Managing multiple GitHub accounts or working with different repositories often requires more than one SSH key. In this blog, you’ll learn how to set up and use multiple SSH keys on the same system.

Whether you’re switching between personal and work accounts or handling multiple projects, this guide will help you configure SSH properly and avoid common connection issues — all in a simple and beginner-friendly way.

Step 1: Check for Existing SSH Keys

Open your terminal and type:

ls -al ~/.ssh

ssh key

Now you’ll see a list of your SSH keys. If you’ve already set one up, it will appear here—either with the default name id_ed25519 or a custom name you provided during setup.

Step 2: Generate a New SSH Key

Run the following command in your terminal:

ssh-keygen -t ed25519 -C "your_email@example.com"

When you see the message “Enter a file in which to save the key (/home/you/.ssh/id_ed25519):”, don’t press Enter immediately — doing so will overwrite any existing SSH key. Instead, type a custom name ( in my case I set tech) if you’re creating multiple keys or any name you prefered.
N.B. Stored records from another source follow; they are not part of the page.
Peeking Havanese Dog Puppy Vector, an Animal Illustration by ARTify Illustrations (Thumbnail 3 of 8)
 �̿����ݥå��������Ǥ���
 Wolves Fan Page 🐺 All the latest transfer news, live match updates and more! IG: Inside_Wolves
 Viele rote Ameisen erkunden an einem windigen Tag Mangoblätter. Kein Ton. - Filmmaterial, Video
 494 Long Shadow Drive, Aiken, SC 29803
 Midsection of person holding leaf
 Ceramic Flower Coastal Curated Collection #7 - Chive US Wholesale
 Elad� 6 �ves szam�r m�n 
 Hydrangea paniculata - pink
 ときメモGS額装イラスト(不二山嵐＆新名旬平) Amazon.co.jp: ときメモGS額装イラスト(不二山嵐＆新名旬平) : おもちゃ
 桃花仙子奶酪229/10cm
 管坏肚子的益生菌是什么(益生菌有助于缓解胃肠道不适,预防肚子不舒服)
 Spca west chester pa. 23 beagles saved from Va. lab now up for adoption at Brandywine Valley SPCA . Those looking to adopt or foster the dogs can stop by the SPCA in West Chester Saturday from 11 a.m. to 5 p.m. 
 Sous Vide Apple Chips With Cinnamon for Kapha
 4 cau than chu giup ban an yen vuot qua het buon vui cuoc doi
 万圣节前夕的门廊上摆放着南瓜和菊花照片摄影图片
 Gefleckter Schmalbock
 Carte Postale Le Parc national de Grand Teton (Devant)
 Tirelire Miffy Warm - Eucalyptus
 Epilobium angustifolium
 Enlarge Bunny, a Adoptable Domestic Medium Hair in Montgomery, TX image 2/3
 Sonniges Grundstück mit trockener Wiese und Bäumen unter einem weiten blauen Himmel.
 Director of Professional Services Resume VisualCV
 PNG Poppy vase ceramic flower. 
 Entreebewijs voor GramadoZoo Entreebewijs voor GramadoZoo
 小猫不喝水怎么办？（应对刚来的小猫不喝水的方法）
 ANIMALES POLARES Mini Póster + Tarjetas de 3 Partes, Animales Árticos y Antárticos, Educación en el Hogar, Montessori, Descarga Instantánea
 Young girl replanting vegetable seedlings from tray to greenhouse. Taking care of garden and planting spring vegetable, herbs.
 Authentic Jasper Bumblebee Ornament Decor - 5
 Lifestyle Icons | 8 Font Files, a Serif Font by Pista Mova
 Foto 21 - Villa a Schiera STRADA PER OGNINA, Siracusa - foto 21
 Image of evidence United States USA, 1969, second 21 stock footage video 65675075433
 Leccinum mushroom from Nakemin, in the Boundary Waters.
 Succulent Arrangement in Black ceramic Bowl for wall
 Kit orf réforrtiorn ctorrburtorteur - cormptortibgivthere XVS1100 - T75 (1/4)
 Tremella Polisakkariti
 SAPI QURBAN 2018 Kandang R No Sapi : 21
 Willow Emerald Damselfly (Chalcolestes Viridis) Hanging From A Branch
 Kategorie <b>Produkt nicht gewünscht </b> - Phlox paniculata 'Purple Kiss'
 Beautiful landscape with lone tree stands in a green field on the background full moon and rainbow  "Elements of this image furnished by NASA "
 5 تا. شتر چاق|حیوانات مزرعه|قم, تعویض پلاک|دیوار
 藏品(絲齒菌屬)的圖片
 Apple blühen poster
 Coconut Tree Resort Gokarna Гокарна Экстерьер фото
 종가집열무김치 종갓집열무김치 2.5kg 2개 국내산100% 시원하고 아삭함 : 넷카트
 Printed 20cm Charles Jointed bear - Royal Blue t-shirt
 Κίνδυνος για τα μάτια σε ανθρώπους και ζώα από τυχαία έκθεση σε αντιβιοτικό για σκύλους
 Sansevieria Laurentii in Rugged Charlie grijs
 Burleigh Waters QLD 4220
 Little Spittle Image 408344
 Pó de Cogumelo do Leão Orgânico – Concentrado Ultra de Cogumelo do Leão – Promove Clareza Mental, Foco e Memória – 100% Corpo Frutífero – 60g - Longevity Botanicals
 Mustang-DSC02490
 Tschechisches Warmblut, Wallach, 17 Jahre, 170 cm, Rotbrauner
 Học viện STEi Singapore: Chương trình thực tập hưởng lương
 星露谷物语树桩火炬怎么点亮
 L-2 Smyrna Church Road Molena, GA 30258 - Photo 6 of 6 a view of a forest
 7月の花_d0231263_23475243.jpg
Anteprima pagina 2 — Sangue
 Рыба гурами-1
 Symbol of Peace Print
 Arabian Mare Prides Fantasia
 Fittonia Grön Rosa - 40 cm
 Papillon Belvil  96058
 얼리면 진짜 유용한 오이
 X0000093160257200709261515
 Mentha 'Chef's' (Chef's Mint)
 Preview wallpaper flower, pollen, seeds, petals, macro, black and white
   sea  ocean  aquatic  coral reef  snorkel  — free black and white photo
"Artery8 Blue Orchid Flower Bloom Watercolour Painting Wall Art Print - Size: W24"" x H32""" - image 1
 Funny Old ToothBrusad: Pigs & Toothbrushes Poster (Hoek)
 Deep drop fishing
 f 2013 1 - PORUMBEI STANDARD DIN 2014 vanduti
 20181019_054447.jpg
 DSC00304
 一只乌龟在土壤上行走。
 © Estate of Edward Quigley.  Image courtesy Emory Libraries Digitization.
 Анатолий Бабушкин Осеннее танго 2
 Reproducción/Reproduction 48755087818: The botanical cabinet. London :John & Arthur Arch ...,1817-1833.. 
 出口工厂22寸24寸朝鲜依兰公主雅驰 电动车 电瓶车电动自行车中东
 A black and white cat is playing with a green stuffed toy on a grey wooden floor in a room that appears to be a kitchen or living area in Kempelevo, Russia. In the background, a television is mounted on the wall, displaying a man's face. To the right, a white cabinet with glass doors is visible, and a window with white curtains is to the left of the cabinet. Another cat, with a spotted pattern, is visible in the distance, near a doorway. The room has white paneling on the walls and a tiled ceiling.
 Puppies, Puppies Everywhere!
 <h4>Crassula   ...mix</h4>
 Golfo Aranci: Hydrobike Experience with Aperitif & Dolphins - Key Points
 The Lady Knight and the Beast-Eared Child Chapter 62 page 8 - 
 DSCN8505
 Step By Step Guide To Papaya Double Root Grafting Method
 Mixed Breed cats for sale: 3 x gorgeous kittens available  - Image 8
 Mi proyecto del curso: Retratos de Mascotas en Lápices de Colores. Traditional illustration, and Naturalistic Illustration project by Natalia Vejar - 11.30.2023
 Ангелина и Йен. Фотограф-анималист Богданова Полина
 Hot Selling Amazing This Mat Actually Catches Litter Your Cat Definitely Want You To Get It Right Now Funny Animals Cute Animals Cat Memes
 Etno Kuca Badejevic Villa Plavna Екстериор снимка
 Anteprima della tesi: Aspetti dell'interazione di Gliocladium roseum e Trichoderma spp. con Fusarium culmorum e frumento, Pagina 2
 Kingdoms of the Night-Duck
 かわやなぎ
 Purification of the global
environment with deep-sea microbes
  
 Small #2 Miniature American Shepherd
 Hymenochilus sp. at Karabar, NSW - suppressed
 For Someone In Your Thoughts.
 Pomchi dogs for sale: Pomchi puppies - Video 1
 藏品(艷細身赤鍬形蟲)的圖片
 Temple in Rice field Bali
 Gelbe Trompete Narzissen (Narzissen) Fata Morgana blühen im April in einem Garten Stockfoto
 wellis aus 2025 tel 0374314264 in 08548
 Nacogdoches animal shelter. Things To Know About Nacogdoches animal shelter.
Then press Enter and set a passphrase( a password you can easily remember for this SSH key)

ssh

Step 3: Add Your Public Key to GitHub

now, copy your public key to the clipboard:

cat tech.pub

Copy the entire output (starts with ssh-ed25519 and ends with your email).

You now have two SSH keys on your system, but when you try to push code using the newly generated key, GitHub still shows the email from the old key. To fix this, you need to configure your SSH setup to switch between the keys properly.

Step 4: Switch Between Multiple SSH Keys

Setup the host and file inside the config, its manditory if you you multiple ssh in your stem and you need all of them.

1. Open or create the SSH config file:

nano ~/.ssh/config

2. Add entries for each key:

# Personal GitHub
Host github-personal
HostName github.com
User git
IdentityFile ~/.ssh/id_ed25519
IdentitiesOnly yes

# Work GitHub
Host github-work
HostName github.com
User git
IdentityFile ~/.ssh/tech
IdentitiesOnly yes

Paste this code into your file, replacing the filename with your actual key file. In my case, I have two files: id_ed25519 and tech. Use whichever one applies to your setup.

3. Use the correct host when cloning or working with repos:

Instead of cloning like this:

git@github.com:username/repo.git

Clone like this for personal:

git@github-personal:username/repo.git

Or like this for work:

git@github-work:username/repo.git

That’s it!

Now Git knows which key to use based on the host name you define. No need to manually switch anything — it’s automatic based on your SSH config.